And then came what turned out to be a five-game series against the Brewers. The Yankees had a chance to close out the Brewers in Game 4, but ended up losing, 2-1. One of the plays that frustrated Mr. Steinbrenner -- and that is putting it extremely mildly, since George’s head would nearly explode in the Yankees' clubhouse later -- was when catcher Rick Cerone made a wide turn around first after a single to left in the seventh inning, and Larry Milbourne was on his way to third. Cerone got caught in a rundown. But as he was being run back to first, second baseman Jim Gantner turned and threw to third and shortstop Robin Yount, covering the bag, tagged out Milbourne, who’d strayed too far down the line thinking he might sneak home.
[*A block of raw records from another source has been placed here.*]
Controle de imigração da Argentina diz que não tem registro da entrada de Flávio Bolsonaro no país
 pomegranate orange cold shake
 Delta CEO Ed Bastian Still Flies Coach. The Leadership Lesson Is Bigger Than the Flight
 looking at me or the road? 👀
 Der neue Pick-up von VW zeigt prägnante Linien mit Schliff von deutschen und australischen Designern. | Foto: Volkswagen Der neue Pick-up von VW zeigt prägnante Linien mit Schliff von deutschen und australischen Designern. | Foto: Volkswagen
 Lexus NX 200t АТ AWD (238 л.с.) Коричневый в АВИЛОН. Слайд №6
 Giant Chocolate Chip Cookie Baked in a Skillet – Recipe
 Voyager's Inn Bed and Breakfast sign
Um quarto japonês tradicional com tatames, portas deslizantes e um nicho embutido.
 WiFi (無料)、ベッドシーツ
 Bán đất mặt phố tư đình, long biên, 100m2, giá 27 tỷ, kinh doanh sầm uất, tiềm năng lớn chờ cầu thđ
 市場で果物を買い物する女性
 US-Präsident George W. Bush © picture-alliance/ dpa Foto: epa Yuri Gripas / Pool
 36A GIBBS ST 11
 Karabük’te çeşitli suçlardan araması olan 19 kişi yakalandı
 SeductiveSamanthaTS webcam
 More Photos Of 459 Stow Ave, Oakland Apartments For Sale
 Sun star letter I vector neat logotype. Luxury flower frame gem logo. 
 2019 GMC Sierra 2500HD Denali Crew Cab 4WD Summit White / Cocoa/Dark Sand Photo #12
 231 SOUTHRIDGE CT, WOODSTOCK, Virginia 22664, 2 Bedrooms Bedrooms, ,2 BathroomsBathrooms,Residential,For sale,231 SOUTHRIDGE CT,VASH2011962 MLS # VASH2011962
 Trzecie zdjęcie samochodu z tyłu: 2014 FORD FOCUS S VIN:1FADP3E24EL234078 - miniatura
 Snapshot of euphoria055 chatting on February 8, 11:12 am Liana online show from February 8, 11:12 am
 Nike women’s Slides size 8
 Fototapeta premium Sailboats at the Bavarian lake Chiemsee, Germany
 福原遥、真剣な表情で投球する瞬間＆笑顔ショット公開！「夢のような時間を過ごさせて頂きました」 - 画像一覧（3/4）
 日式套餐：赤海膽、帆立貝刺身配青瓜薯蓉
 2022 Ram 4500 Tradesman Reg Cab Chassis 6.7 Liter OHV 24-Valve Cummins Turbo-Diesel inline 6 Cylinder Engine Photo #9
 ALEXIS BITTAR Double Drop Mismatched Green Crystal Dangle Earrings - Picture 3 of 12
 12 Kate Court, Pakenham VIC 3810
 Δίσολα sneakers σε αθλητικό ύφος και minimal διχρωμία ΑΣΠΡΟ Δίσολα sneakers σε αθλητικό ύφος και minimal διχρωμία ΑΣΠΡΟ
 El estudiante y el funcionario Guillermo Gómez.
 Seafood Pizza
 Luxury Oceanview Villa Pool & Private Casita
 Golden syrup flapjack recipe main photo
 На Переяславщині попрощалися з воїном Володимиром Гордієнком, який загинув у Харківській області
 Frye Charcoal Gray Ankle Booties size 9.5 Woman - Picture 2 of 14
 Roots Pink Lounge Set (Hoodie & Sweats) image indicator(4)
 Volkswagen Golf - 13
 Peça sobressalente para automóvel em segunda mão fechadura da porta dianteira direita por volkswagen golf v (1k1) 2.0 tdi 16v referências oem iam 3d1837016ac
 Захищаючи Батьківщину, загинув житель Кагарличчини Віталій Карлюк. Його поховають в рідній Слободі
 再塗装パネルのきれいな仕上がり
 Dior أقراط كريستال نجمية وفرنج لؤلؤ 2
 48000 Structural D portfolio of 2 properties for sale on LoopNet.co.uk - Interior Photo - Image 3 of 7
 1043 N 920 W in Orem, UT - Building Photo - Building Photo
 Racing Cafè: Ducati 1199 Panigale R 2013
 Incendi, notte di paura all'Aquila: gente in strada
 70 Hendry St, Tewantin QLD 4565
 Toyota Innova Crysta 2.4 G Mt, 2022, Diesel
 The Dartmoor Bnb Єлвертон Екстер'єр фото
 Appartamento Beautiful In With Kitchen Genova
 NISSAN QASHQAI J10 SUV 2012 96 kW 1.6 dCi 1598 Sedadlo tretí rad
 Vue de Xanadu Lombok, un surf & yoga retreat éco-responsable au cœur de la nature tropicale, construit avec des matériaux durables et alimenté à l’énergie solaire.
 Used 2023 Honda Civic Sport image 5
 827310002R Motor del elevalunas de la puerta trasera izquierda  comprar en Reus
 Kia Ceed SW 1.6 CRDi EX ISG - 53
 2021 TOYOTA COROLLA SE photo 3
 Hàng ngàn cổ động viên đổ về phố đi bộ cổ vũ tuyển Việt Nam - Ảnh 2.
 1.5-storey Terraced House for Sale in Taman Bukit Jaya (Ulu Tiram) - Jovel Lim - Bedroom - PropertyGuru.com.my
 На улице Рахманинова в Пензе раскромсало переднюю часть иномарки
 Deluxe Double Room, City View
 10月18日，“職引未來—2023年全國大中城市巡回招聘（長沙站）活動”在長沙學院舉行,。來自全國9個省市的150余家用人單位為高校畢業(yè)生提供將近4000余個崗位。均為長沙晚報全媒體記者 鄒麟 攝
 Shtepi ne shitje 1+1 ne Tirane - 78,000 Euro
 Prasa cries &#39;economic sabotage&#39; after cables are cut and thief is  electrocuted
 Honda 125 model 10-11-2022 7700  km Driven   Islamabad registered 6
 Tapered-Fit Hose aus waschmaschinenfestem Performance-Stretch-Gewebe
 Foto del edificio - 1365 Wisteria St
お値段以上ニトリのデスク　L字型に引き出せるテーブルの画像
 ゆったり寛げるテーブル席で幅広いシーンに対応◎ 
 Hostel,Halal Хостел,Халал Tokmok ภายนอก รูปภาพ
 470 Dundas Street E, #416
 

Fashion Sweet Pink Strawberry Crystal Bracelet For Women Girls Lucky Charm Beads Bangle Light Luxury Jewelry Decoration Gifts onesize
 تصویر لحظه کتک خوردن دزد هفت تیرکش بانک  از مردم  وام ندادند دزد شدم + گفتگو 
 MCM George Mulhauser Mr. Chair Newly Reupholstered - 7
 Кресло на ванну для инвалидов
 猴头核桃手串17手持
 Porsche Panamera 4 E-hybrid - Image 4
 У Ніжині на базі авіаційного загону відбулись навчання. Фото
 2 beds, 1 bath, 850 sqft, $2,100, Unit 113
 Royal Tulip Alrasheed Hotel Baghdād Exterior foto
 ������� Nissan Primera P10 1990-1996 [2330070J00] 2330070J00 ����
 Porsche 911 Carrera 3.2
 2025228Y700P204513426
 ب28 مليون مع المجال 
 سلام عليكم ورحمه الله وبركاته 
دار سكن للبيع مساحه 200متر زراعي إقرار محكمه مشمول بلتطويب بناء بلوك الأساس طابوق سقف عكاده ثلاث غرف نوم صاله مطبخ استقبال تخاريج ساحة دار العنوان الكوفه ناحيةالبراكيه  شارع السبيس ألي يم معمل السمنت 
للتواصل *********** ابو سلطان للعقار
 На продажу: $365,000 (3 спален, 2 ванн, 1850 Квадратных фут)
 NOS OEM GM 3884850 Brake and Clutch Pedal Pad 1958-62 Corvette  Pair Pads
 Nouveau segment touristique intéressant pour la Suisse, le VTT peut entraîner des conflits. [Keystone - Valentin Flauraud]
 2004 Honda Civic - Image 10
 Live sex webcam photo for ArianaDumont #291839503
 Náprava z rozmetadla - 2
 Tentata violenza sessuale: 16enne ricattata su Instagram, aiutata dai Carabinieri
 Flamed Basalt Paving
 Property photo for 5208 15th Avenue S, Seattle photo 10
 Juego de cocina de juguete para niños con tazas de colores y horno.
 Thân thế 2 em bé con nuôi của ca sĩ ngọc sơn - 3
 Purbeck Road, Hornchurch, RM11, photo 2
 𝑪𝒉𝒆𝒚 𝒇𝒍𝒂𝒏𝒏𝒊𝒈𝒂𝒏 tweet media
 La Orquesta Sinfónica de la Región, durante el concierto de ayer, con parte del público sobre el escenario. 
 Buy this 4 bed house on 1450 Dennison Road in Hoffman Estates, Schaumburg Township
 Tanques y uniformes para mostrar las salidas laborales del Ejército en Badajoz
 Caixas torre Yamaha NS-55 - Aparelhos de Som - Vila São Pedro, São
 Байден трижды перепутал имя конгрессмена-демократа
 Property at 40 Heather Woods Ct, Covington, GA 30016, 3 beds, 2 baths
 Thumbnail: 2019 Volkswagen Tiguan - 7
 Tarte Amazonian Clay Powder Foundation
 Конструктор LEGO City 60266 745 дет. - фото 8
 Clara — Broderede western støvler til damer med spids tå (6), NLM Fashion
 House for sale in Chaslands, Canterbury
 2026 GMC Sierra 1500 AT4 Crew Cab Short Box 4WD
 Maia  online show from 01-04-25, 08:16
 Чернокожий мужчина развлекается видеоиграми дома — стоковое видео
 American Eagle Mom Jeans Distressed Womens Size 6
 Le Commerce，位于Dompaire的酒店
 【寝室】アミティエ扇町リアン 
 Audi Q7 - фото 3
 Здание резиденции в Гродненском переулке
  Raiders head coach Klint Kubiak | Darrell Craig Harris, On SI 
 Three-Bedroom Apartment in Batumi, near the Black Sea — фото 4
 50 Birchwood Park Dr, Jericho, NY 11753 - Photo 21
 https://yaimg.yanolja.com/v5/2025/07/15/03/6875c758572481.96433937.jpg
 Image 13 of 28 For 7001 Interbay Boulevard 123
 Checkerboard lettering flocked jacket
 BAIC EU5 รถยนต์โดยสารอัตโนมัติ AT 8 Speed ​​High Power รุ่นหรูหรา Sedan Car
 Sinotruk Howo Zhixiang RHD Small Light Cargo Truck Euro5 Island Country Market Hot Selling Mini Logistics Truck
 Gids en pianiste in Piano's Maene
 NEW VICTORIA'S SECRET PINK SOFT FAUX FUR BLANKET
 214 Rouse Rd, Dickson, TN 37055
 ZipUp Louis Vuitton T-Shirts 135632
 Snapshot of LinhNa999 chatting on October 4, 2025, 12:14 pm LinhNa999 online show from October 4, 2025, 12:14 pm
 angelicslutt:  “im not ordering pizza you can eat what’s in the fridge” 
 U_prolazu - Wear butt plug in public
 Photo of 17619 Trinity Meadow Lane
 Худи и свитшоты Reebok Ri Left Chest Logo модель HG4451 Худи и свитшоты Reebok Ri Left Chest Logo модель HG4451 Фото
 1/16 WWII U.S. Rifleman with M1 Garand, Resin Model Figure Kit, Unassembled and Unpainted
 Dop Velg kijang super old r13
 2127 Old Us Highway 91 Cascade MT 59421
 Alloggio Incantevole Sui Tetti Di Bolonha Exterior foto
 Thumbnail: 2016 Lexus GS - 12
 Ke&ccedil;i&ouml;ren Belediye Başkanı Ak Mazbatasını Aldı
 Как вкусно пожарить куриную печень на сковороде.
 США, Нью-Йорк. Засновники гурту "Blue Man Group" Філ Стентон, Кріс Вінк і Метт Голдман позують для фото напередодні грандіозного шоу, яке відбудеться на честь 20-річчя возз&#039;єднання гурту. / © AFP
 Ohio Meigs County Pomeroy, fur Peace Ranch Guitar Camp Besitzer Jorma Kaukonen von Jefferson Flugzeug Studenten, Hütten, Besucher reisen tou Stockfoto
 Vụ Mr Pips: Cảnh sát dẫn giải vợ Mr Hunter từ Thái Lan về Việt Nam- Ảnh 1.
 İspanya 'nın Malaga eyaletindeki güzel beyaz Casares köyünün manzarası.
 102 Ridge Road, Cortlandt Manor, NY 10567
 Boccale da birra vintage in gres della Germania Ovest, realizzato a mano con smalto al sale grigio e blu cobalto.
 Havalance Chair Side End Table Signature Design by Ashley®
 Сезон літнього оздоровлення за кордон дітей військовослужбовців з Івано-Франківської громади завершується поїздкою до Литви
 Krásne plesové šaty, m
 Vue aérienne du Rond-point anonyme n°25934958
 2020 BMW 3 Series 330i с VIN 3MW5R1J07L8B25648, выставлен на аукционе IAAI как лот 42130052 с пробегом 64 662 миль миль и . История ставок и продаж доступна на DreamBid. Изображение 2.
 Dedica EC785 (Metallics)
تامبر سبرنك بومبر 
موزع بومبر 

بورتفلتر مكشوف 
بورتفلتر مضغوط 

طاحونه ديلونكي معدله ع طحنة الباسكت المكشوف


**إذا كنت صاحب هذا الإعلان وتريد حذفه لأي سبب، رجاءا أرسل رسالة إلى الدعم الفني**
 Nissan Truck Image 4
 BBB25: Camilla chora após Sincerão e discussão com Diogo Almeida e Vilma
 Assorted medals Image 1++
Instead of having two runners on with one out, Cerone was still on first when Willie Randolph grounded out to end the inning. Cerone would later strike out to end the game.

Steinbrenner was waiting in the clubhouse when the Yankees got there and began threatening changes if the Yankees didn’t win Game 5. At this point Cerone was tired of listening, and fired back at the owner. And the Yankees were as much the Bronx Zoo as they had ever been, when it wasn’t just Reggie and George Steinbrenner in the room, but Billy Martin (Billy in '81 was managing the A’s, who would be the Yankees’ opponent in the American League Championship Series), too.

By the time the clubhouse doors opened, the Yankees had been told not to talk about the scene they’d all just witnessed. So very few players were in front of their lockers once the media was allowed in. It meant the clubhouse was something it had so rarely been over the past five years:

Quiet.

Reggie’s locker was directly to your left as you came into the clubhouse door at the old Stadium. He’d taped a sign over it that read “Badlands Territory.” By the next October, he’d be playing against the Brewers in the postseason for the California Angels.

I was on my way out of the room and down to the Brewers’ clubhouse when I heard him whisper, “Hey!”

He waved me over to his locker, grinning, but still keeping his voice low.

“Don’t you want to know what happened?” he said.

And he proceeded to take me through it, blow by blow. For once, there had been a scene like this that didn’t involve him and George, or him and Billy.

Then came Game 5 at the Stadium, the Yankees against a right-handed pitcher named Moose Haas. There was a crowd around the batting cage that night when it was time for Reggie to take his swings.

“Well,” he said, “I guess tonight we’ll find out just how much of this Mr. October [stuff] is true.”

He had hit one home run in Milwaukee in Game 2, and really done nothing at the plate since. When he came up in the bottom of the fourth, the Yankees were down two runs to Haas and the Brewers.

At which point Mr. October hit one off the facing of the upper deck to tie the game.

The Yankees ended up winning the game and the series, and would end up beating Billy’s A’s to go to the World Series, where they’d lose to the Dodgers -- whom they’d beaten in the Series in ’77 and ’78 -- in six games. Again: Game 6 would be the last time Reggie ever played in a Yankees uniform. If you were a writer covering the Yankees in those years, when he left it was like the circus leaving town.

The Yankees had a workout the day after Game 5 against the Brewers. We were all back in Badlands Territory. And we got him talking again about the home run off Haas, which had changed the previous night and saved the Yankees’ season, and tried to put a hole in the facing of the upper deck.

“I didn’t even notice,” I finally said to him, “where the ball landed when it came back on the field.”

“Second [freaking] base,” Reggie Jackson said.